In his first trip to Washington, D.C., Garza said he has been inspired by visits to sites like the White House and Lincoln Memorial. The fellowship experience is also fueling his goal of becoming a city manager and, one day, possibly a Congressman himself.
“I want to have the opportunity to impact a community, where decisions will hopefully benefit everyone in the area,” he said. “Safety, clean environment, health, education and growth in business would be the areas I would primarily focus on.”
Perez setting sights on public health, education
The Archer Fellowship fulfills a long-time dream of Perez’s to work and live in Washington, D.C.
“I wanted to be in the city where policy is created and implemented,” said Perez, who holds a B.A. degree in communication from Texas A&M University in College Station and is the assistant executive director for the Hidalgo County Bar Association and the Hidalgo County Bar Foundation.
Her work at the U.S. Council of Competitiveness – a non-partisan leadership organization committed to advancing U.S. competitiveness in the global economy – includes researching different policies, such as taxation and education, and their impact on Americans for inclusion in the council’s annual report.
Perez, who hopes to one day work on policy initiatives as a school district director of advancement or in a public health agency, said she has developed many competencies living in a place that “is full of knowledge” and “stimulates your mind.”

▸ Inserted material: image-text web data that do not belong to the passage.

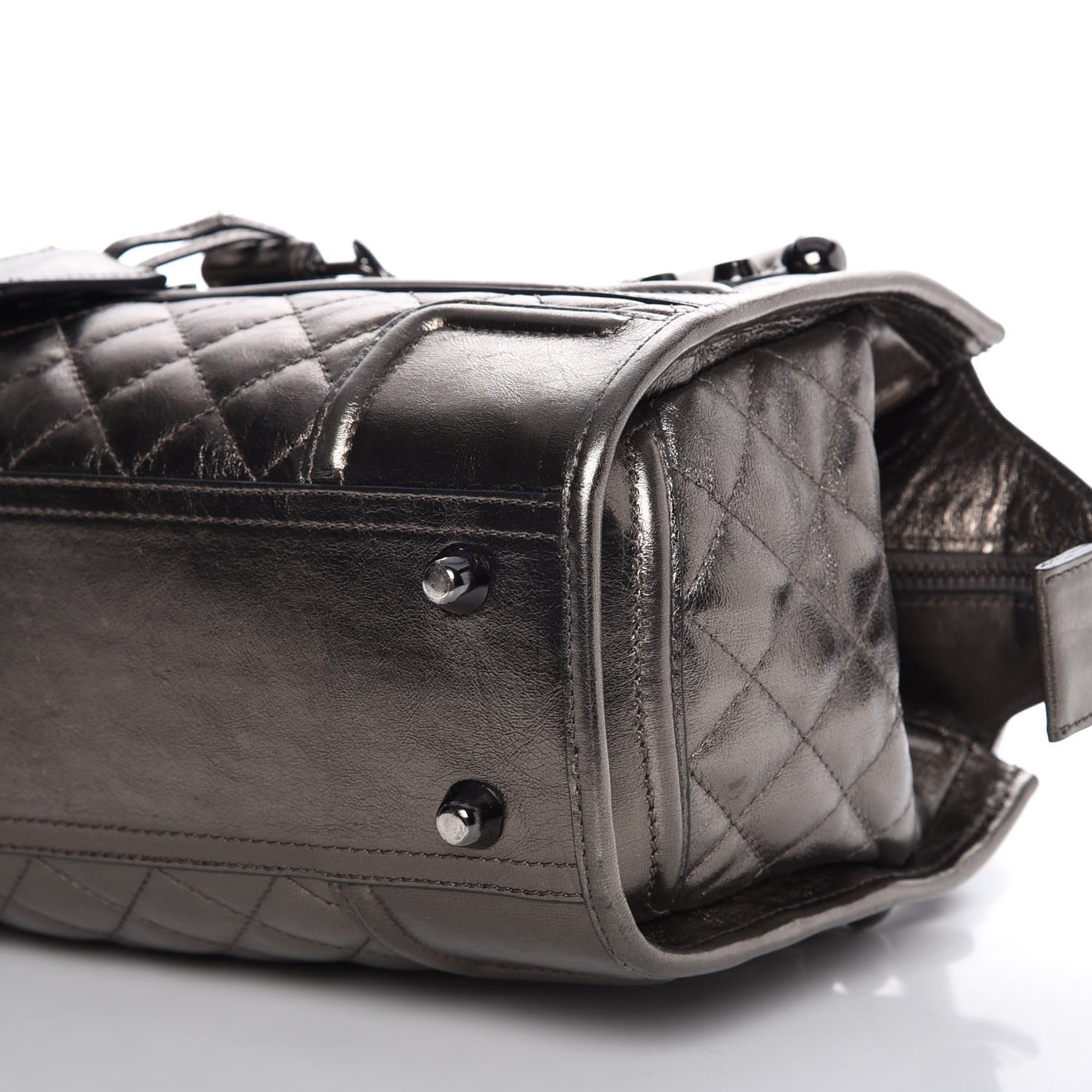 Metallic Calfskin Quilted Mini Manor Tote Pewter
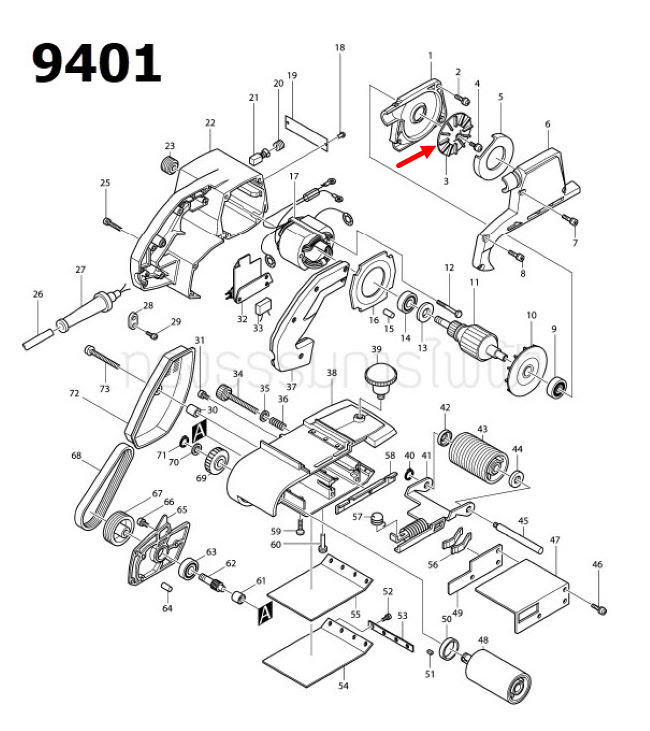 ใบพัดดูดฝุ่น เครื่องขัดกระดาษทราย Makita 9401 [#3], 9924DB [#36] Pn.241611-4 (แท้) ##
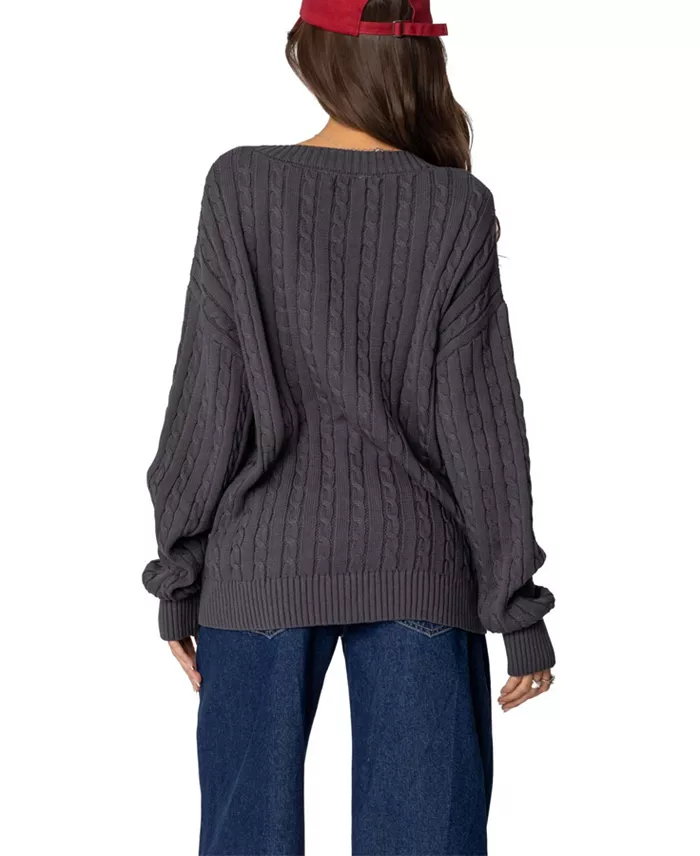 Alfani Edikted Womens Francine Oversized V Neck Cardigan Women's Fashion Shoes & Accessories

“Adapting to the big city life and working with people from widespread cultures benefits my future in working for the public sector,” she said.

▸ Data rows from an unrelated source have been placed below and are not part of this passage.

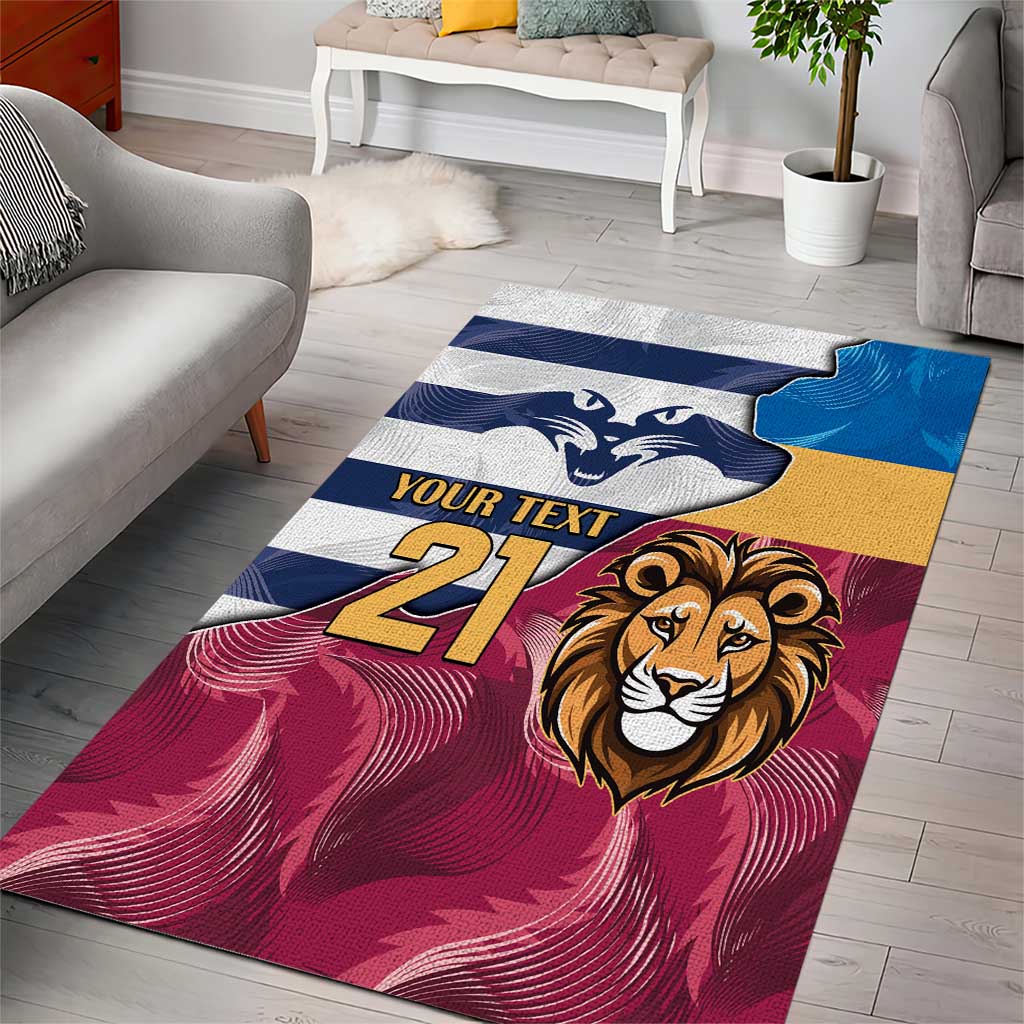 Brisbane-Geelong Football Custom Area Rug Cracked Metal Style - Vibe Hoodie Shop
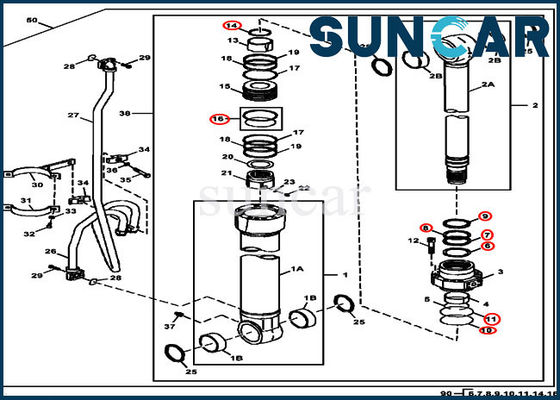 reparación del auge de 4S00783 JOHN DEERE que sella el excavador de Kit Cylinder Components Fits 380GLC 350GLC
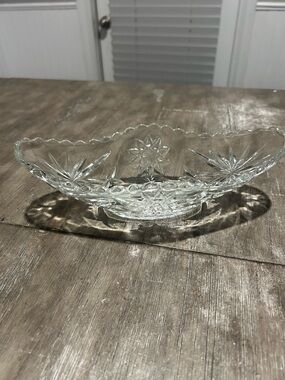 VINTAGE ANCHOR HOCKING STAR OF DAVID GONDOLA BOAT RELISH DISH 9-1/4” CLEAR GLASS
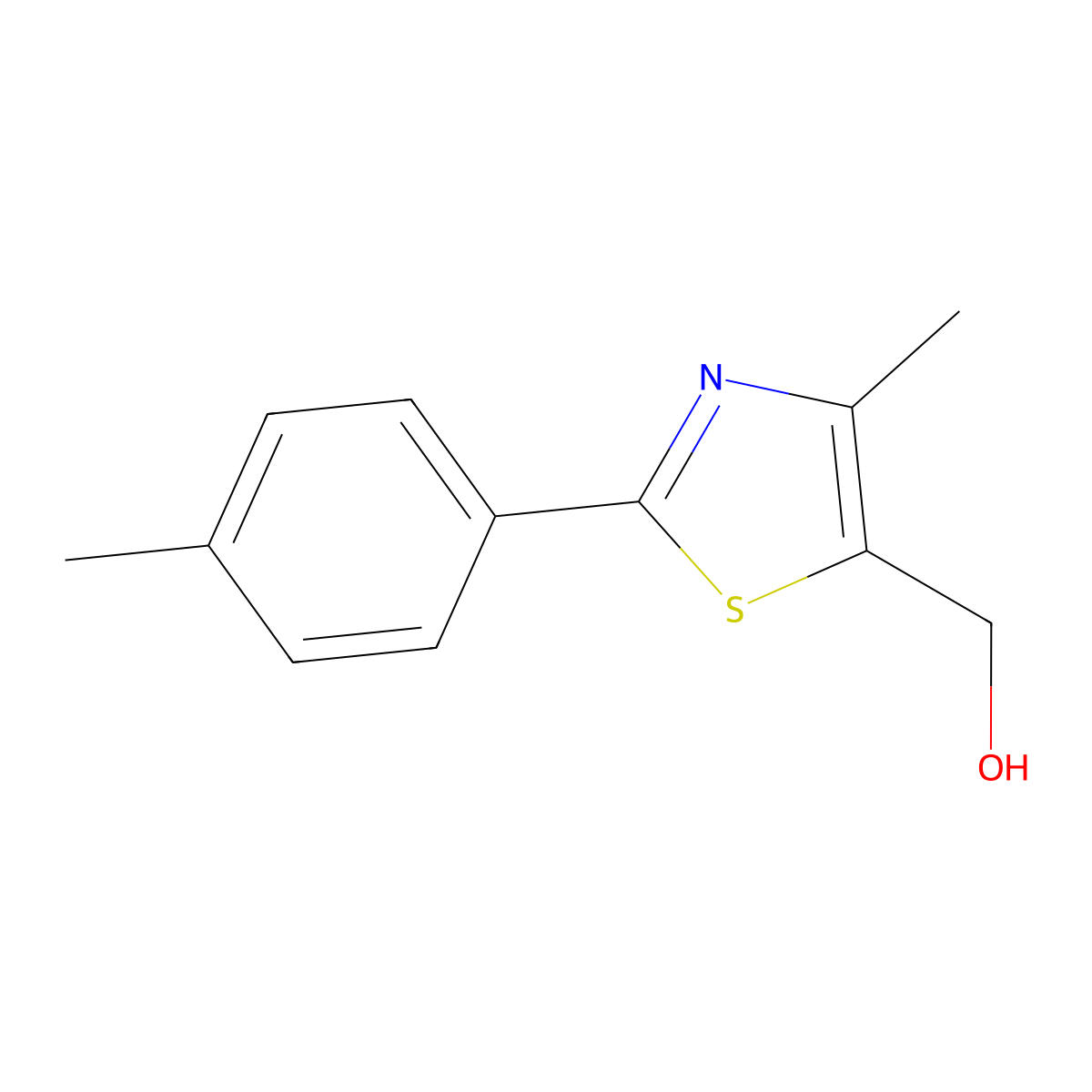 5-Thiazolemethanol, 4-methyl-2-(4-methylphenyl)- molecular structure, CAS 61291-92-7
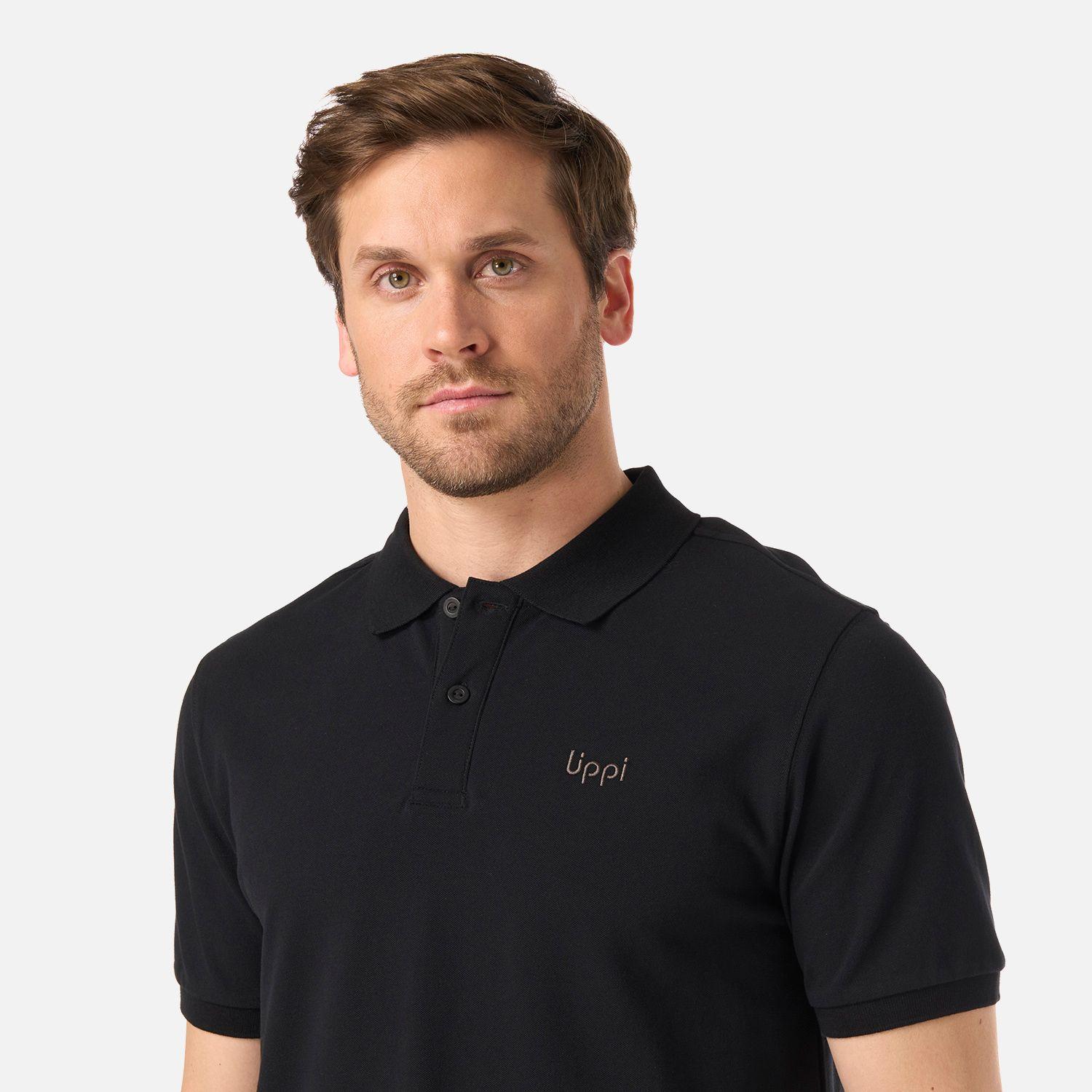Polera Hombre First Class Elastic Polo Negro Lippi V26-3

Rangel’s focus: Social injustices in healthcare, immigration
Rangel, who has a bachelor’s degree in business administration from UTRGV, said being selected for the Archer Fellowship program has allowed him to be a role model to his younger siblings and others.
“I see this program as an opportunity to challenge myself and prove to others, especially the Latino population in the Valley, that you can accomplish great things as long as you have perseverance, passion and determination to be successful in life,” he said.
In his D.C. job, Rangel is helping conduct legislative research in the areas of immigration and public health and learning how public policy can be implemented to better advocate for social change and to diminish social injustices regarding those issues.
In the Valley, Rangel has had an extensive record of community service and, as part of his social work internship, interned at the Doctor’s Hospital at Renaissance Family Medicine Center in partnership with the UTRGV School of Medicine, where he worked with the professional staff to assist patients in need of social services and provide clinical assessments and intakes.
“My goal is to seek a position in the healthcare administration sector and improve and implement social services to individuals, families and communities in need,” Rangel said.
A first-time visitor to the nation’s capital, Rangel said witnessing moments of history, like recent Supreme Court rulings and the passing of bills and legislation, have become some of the most notable experiences of his life.
“I have enjoyed every corner of the city and I have also learned that this city marches to the beat of a fast-forward drum. This city means business,” he said.
About the Archer Center
The Archer Center in Washington, D.C., was initiated by former U.S. Congressman from Texas Bill Archer, a UT Austin alumnus, with the goal of providing experiential learning opportunities to help educate the next generation of leaders for local, state, federal and international public service.
Fellowship opportunities are also available to undergraduate students, not only in the White House and Congress, but in a large number of federal agencies, nonprofit and international organizations and in governmental arms of private sector entities.